(DATASET SECTION)
········

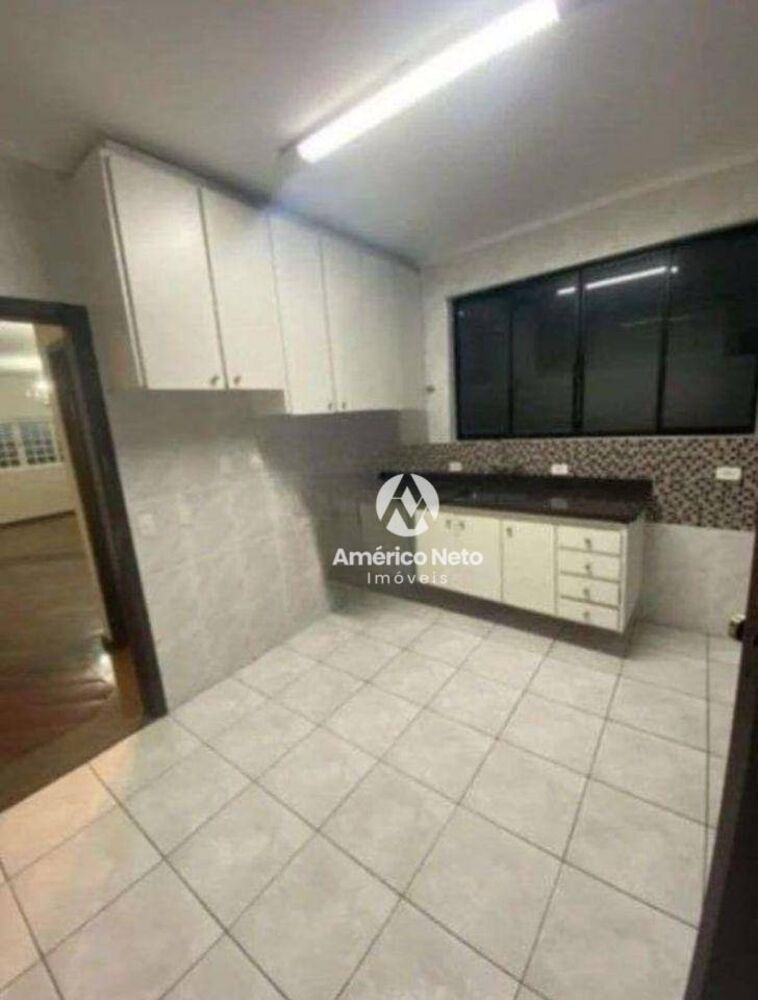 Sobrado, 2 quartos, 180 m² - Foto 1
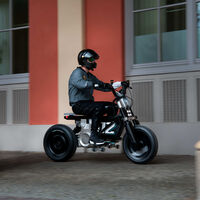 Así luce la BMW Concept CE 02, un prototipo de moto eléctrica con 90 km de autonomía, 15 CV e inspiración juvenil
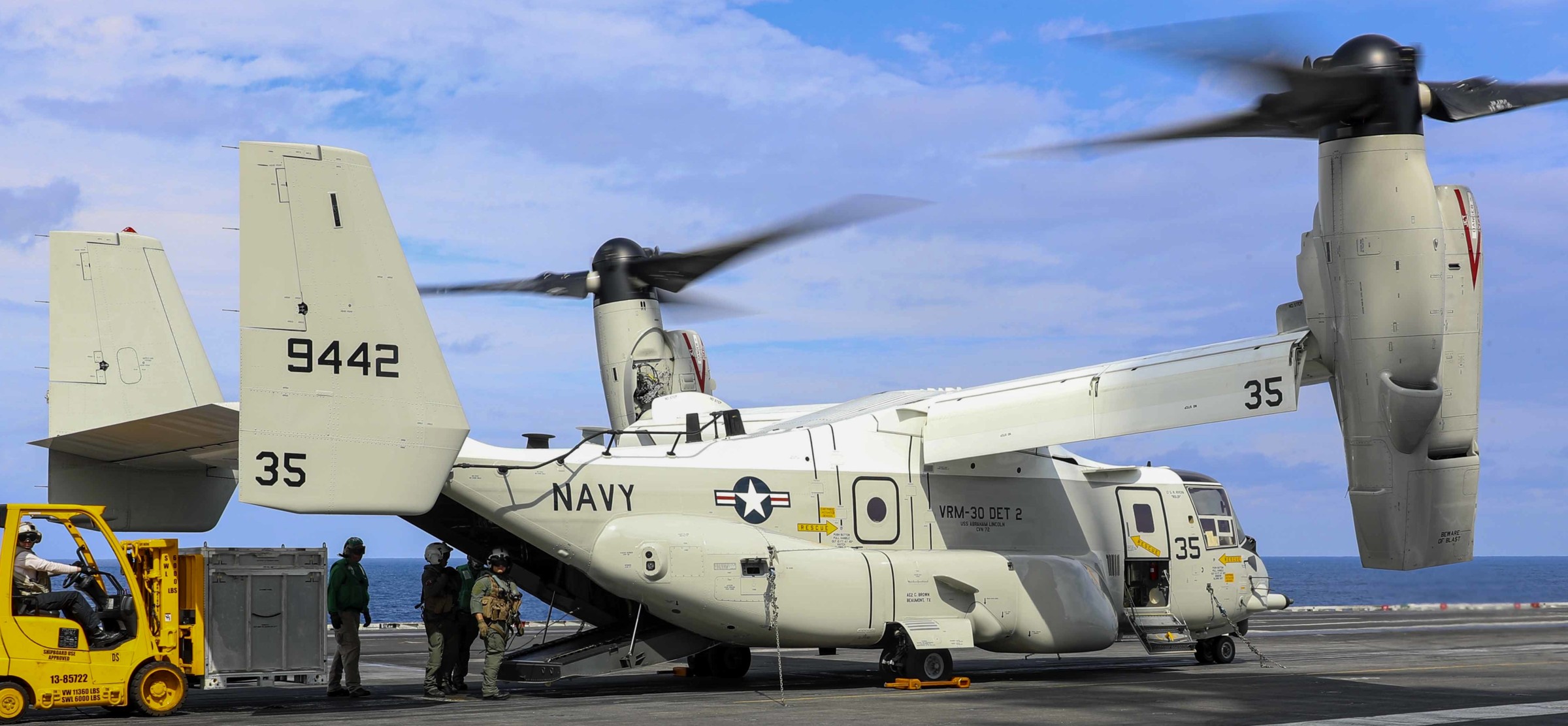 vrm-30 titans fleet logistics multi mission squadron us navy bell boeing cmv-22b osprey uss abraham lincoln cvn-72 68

········

(EXERCISE GOAL)
Output nothing but the lines from the line with "Así luce la" through the last line of the material above, please, word for word and without the pictures.

(YOUR SOLUTION)
 Así luce la BMW Concept CE 02, un prototipo de moto eléctrica con 90 km de autonomía, 15 CV e inspiración juvenil
 vrm-30 titans fleet logistics multi mission squadron us navy bell boeing cmv-22b osprey uss abraham lincoln cvn-72 68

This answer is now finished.